[John Halifax Gentleman by Dinah Maria Mulock Craik]@TWC D-Link bookJohn Halifax Gentleman CHAPTER V 8/24
She had been summoned, I knew, to a long conference with her master the day before--the subject of which she would not tell me, though she acknowledged it concerned myself.
Ever since she had followed me about, very softly, for her, and called me more than once, as when I was a child, "my dear." She now came with half-dolorous, half-angry looks, to summon me to an interview with my father and Doctor Jessop.
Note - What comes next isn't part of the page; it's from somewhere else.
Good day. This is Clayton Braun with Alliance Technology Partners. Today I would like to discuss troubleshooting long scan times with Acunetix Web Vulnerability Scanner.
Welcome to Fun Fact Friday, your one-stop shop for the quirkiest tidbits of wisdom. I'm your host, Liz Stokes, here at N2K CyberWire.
I caught her parting mutterings, as she marched behind me: "Kill or cure, indeed,"-- "No more fit than a baby,"-- "Abel Fletcher be clean mad,"-- "Hope Thomas Jessop will speak out plain, and tell him so," and the like.
From these, and from her strange fit of tenderness, I guessed what was looming in the distance--a future which my father constantly held in terrorem over me, though successive illness had kept it in abeyance.
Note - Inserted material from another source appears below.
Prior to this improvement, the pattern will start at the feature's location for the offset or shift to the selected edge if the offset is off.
Alas! I knew that my poor father's hopes and plans were vain! I went into his presence with a heavy heart. There is no need to detail that interview.
Enough, that after it he set aside for ever his last lingering hope of having a son able to assist, and finally succeed him in his business, and that I set aside every dream of growing up to be a help and comfort to my father.